Penuntut umum mengesampingkan tiga dakwaan alternatif. Yakni, Pasal 170 ayat (1) KUHP tentang Pengeroyokan juncto Pasal 55 ayat (1) KUHP. Pasal 351 ayat (1) KUHP tentang Penganiayaan juncto Pasal 55 ayat (1) dan Keempat, Pasal 335 ayat (1) tentang Perbuatan Tidak Menyenangkan juncto pasal 55 ayat (1) KUHP.

Namun, jaksa menampik bila dianggap mengesampingkan tiga dakwaan alternatif itu. Menurut Winarko, dalam lex specialis UU Pers, pemukulan masuk kategori menghalang-halangi kerja jurnalis. ”Misalnya, dengan cara menganiaya, menghapus data, memberedel dan merusak (alat liputan). Kalau terdakwa ini orang umum, tak akan terkena UU Pers,” ujar Winarko.

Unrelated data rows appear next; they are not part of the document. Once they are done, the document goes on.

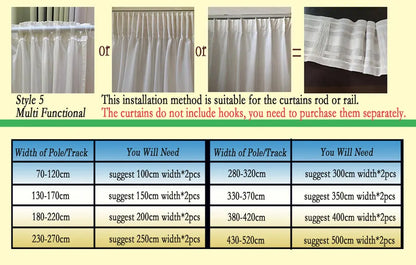 Asazal Solid White Tulle Luxurious Chiffon Sheer Window Curtains For Living Room Modern Voile Organza Drapes Bedroom Decoration
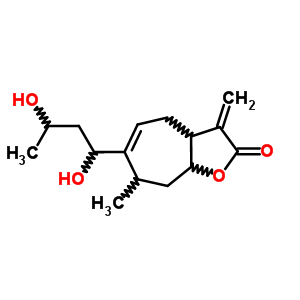 7544-65-2  6-(1,3-dihydroxybutyl)-7-methyl-3-methylidene-3,3a,4,7,8,8a-hexahydro-2H-cyclohepta[b]furan-2-one
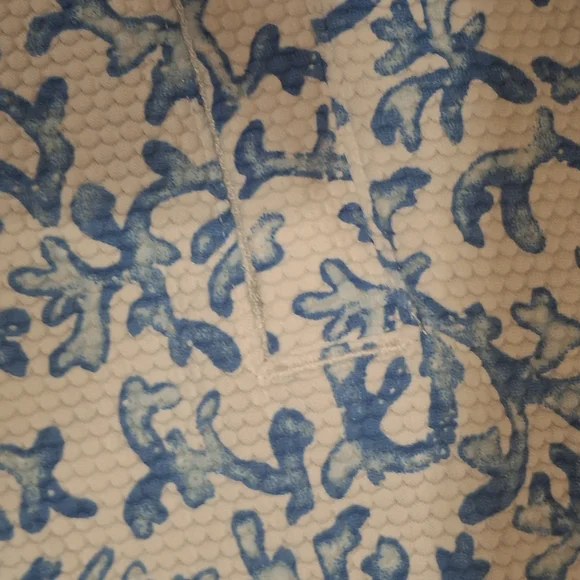 Tommy Bahama White Jacket with Blue Floral Print - Picture 2 of 7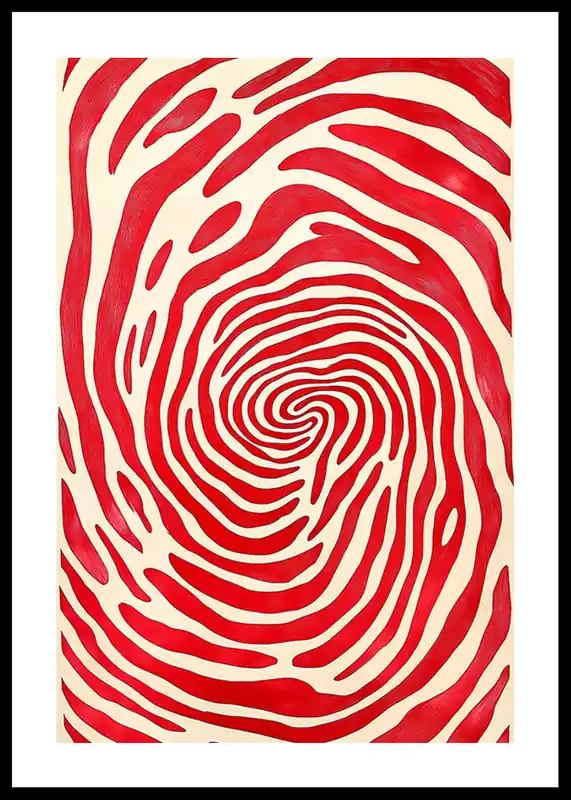 Red Vortex Poster Markenware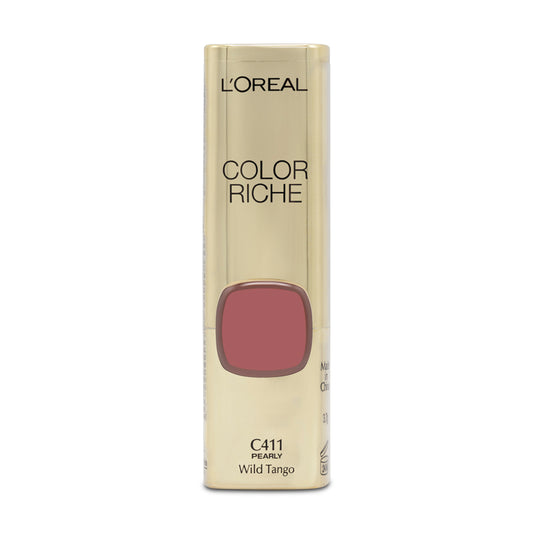 L'Oreal Colour Riche Orange Lipstick C411 Pearly Wild Tango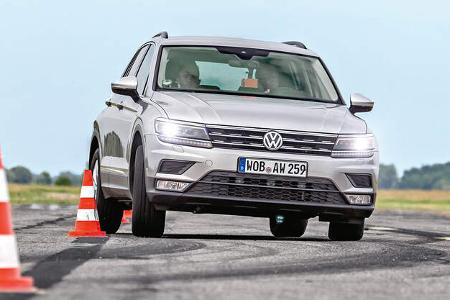 VW Tiguan SUV Vergleich AMS1417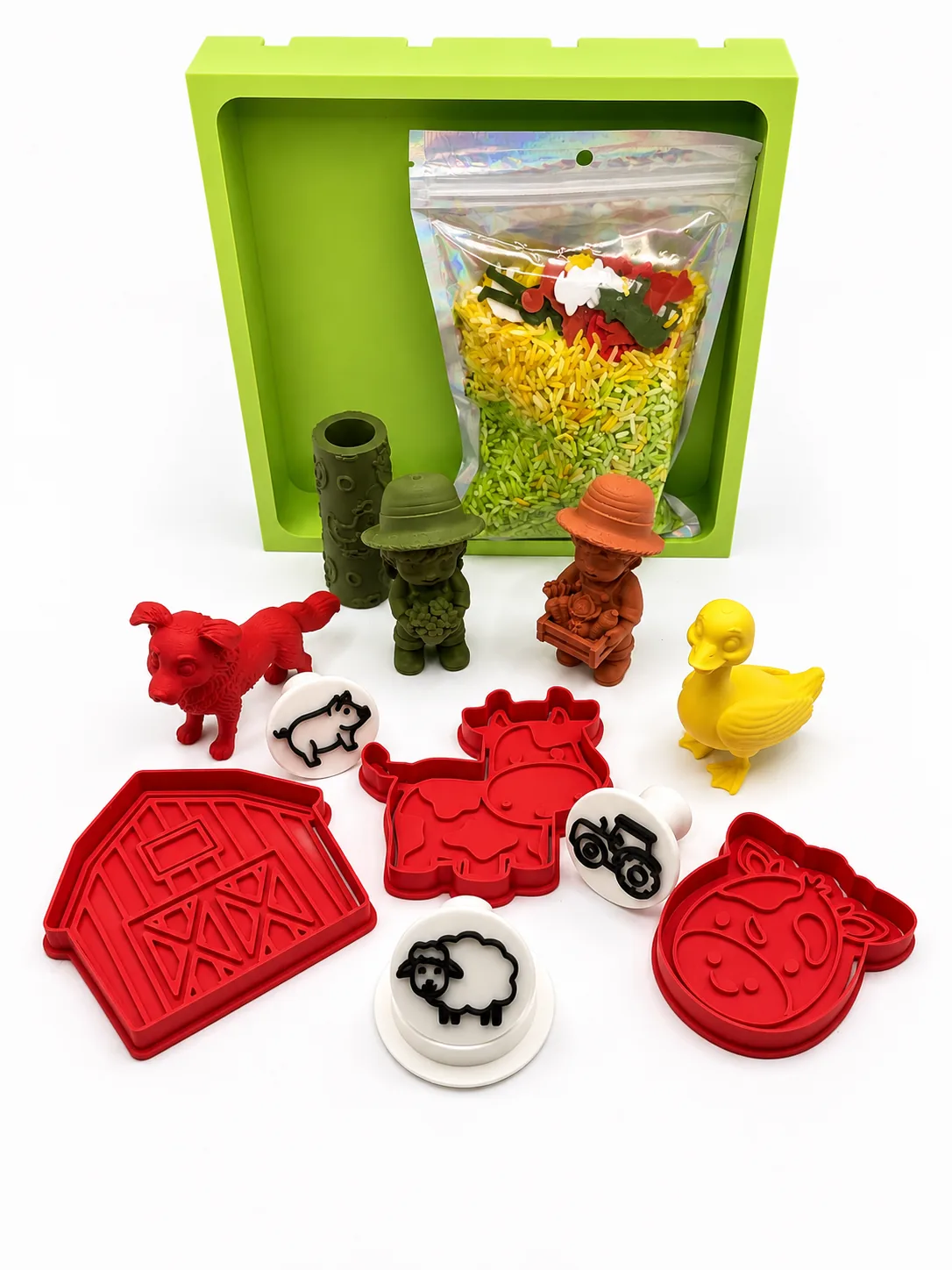 Farm sensory play set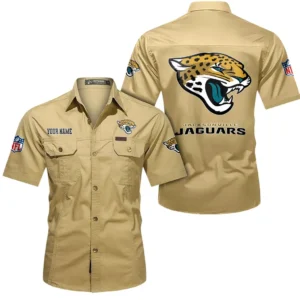 New York Giants Short Sleeved Shirtt, All Over Print Short Sleeved Shirt New York Giants - Khaki DNFL1026122035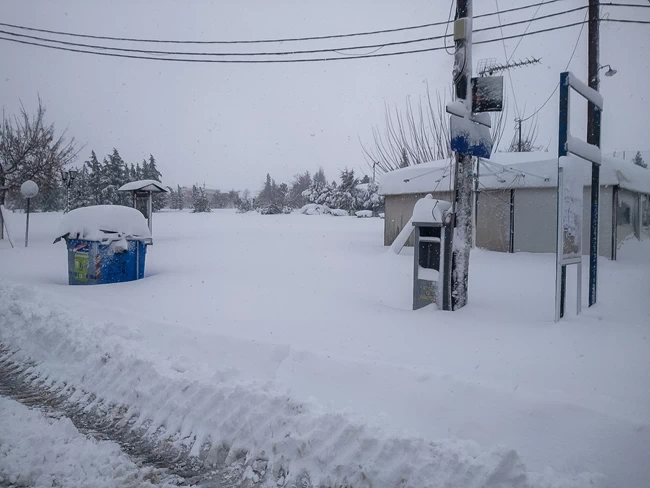 Φθιώτιδα Χιόνια
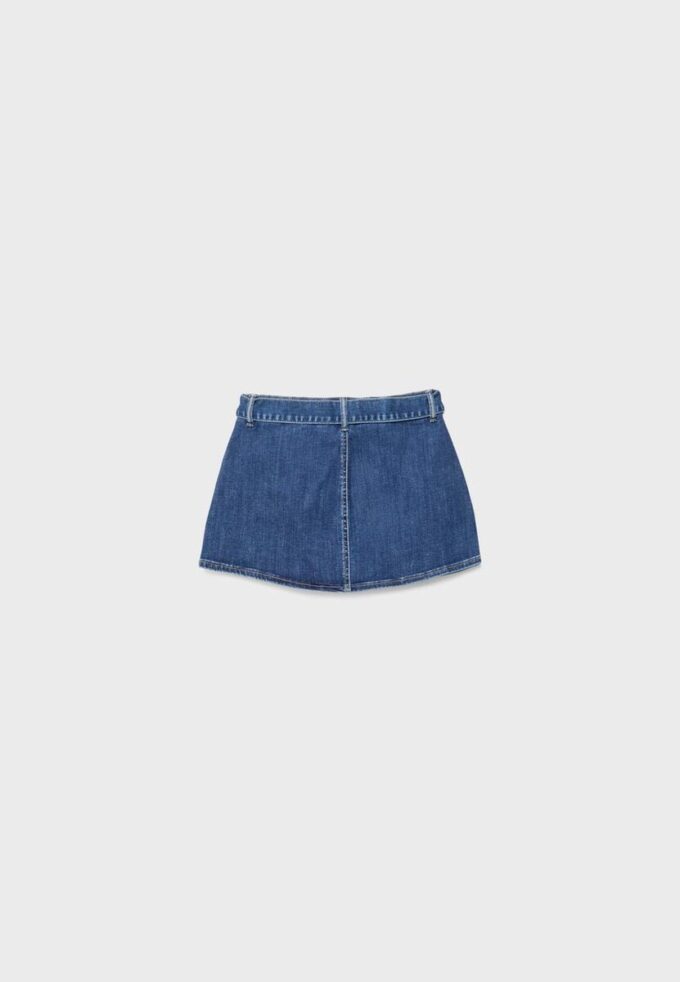 Denimskort med belte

Terkait beberapa orang yang disebut para terdakwa saat pemeriksaan terdakwa, Winarko menyerahkan semua itu ke penyidik Polda Jatim. ”Bergantung mereka. Mau membuka kembali kasus ini atau tidak. Kami tidak bisa menekan,” katanya seusai persidangan.

Memang dalam pemeriksaan, dua terdakwa mengungkapkan bahwa saat kejadian, si penganiaya tidak hanya mereka berdua. Ada banyak orang yang terlebih dahulu memukul Nurhadi. Pun yang mengambil handphone Nurhadi.

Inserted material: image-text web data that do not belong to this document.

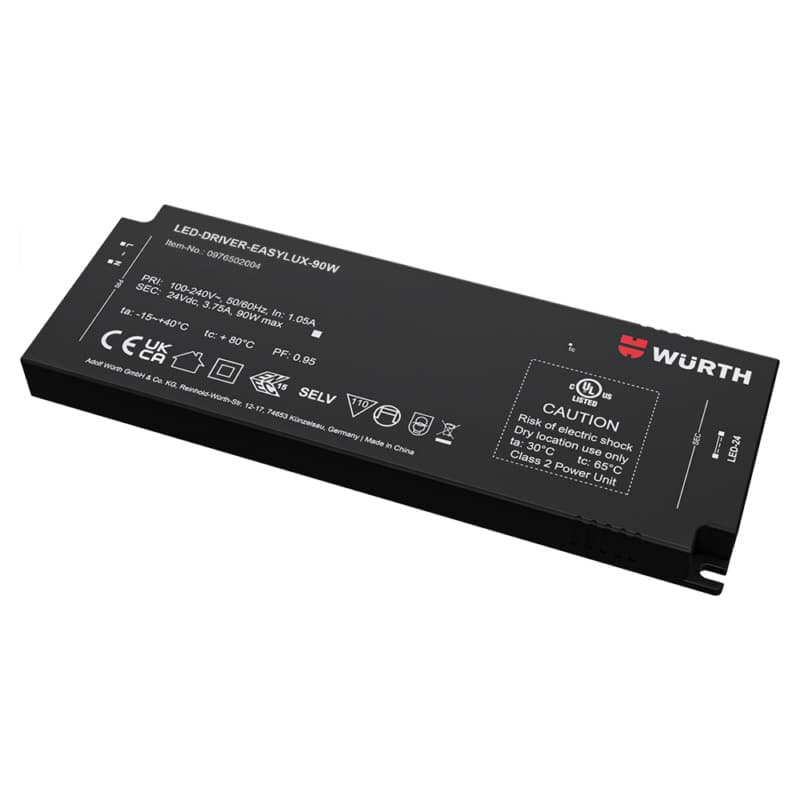 24V 90W Driver with Power Cord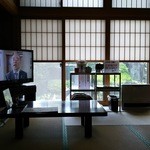 そばや 文助 - 店内４人掛け座卓８卓（H28.6.7撮影）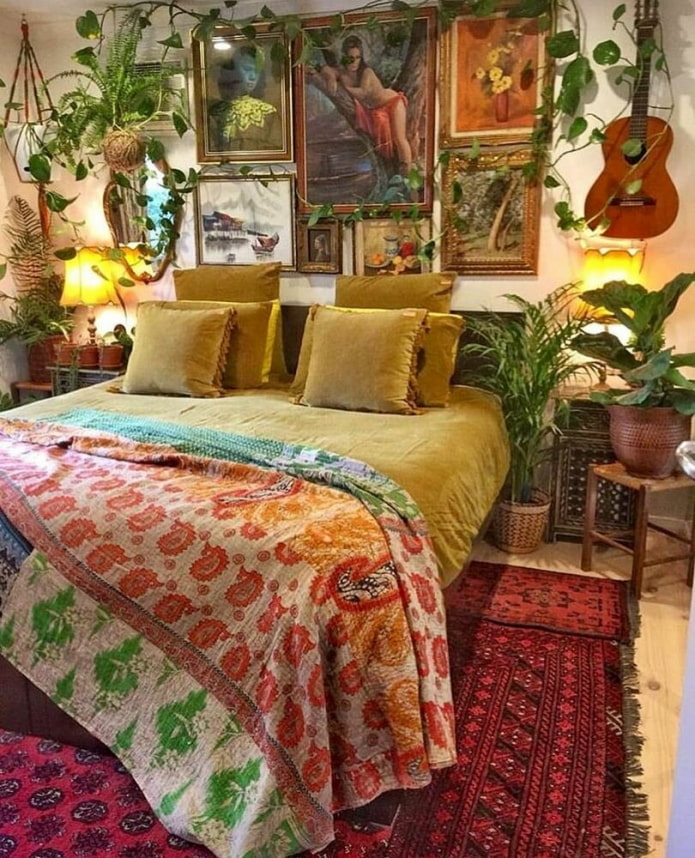 color boho bedroom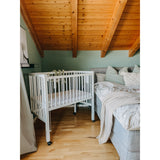 tiSsi® White Laquer Maxi Barneseng Massiv Bok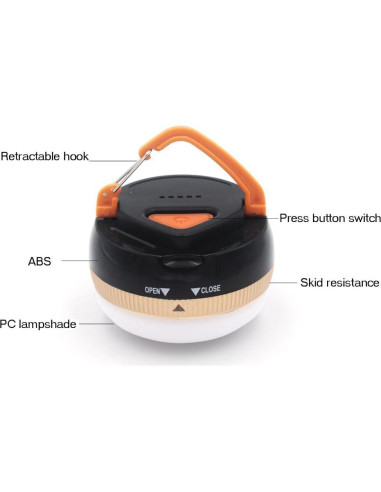 Paquete de 2 Linternas LED Portátiles AuKvi para Camping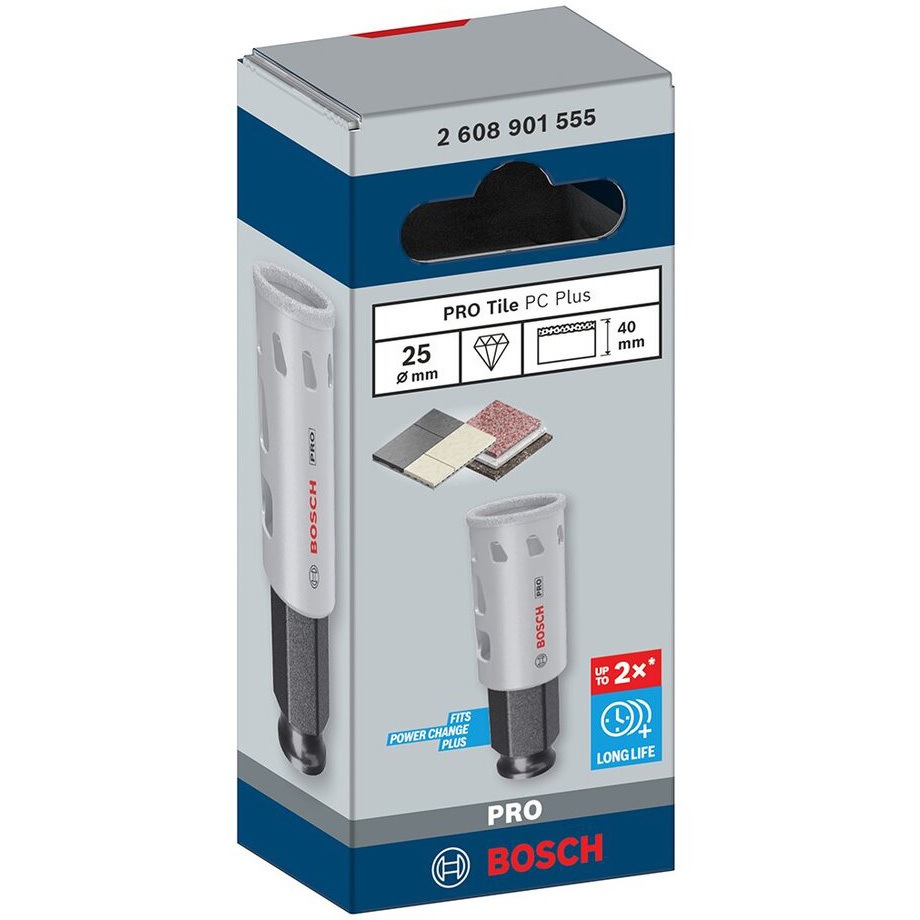 2608901555 磁器タイル用乾式ダイヤモンドホールソー BOSCH(ボッシュ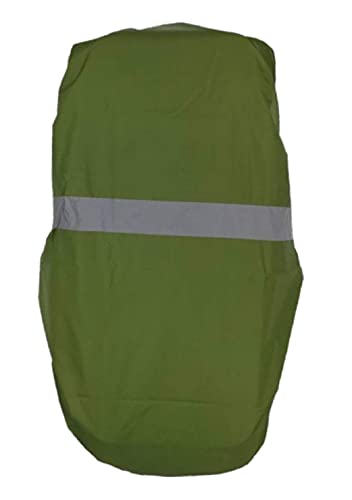 Waterproof Rucksack Cover Backpack Rain Cover 30L-100L for Travel Climbing Hiking (Army Green-Reflective, 90L-100L) - color: Army Green-reflective, size: 90L-100L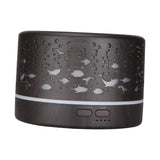 Maxbell Mini Air Humidifier Electric Humidifiers with Night Light for Desktop Home Dark Brown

Sementara itu, penasihat hukum kedua terdakwa, Joko Cahyono, seusai persidangan mengatakan bahwa pihaknya akan melakukan pembelaan di persidangan selanjutnya. Namun, tidak mau mempersoalkan terkait para pelaku lain yang ikut dalam penganiayaan tersebut.

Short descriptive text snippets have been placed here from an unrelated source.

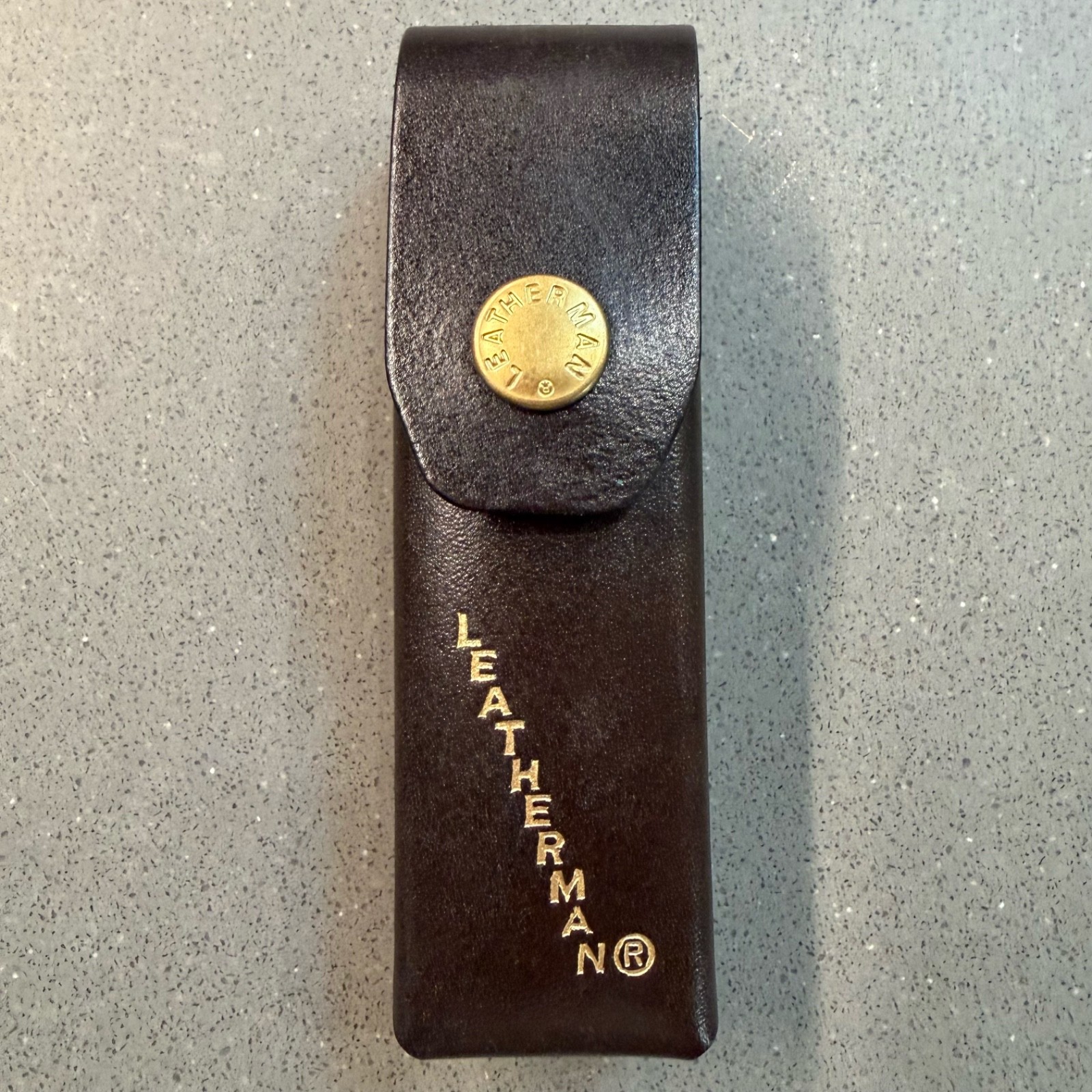 Leatherman Original Black Leather Belt Sheath ONLY -  4” Tool Case-  Vintage NOS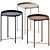 Gladom Side Table: Compact Elegance 3D model small image 1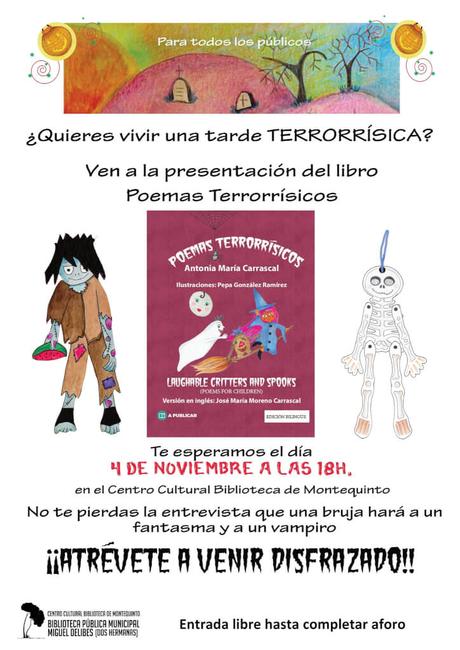 Presentación del libro «Poemas Terrorrísicos» de la escritora Antonia María Carrascal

Walau, terungkapnya pelaku lain dapat meringankan hukuman kliennya. ”Itu bukan kewajiban kami. Kami hanya fokus ke klien kami. Untuk mendesak agar dilakukan pengungkapan pelaku lainnya, itu biar jaksa yang mendesak hakim atau penyidik,” terangnya.

Ketua Aliansi Jurnails Independen (AJI) Indonesia Sasmito Madrim ikut memantau jalannya persidangan. Setelah sidang, ia mengaku kecewa dengan tuntutan itu. Namun, ia tetap menghargai tuntutan yang sudah diajukan JPU.

”Awalnya kami berharap jaksa memberikan tuntutan maksimal. Yaitu, penjara 2 tahun dan denda Rp 500 juta. Tapi, sebenarnya ada tiga dakwaan yang lain yang dalam KUHP ancamannya lebih tinggi. Ada yang 4 tahun dan 5 tahun," katanya.

Mereka juga telah menyurati Kapolri untuk memberikan perhatian khusus terhadap kasus tersebut. Juga, beberapa instansi terkait. Termasuk ke Menko Polhukam Mahfud MD dan Komisi Yudisial (KY). Sayang, sampai saat ini belum ada respons dari pimpinan tertinggi Polri.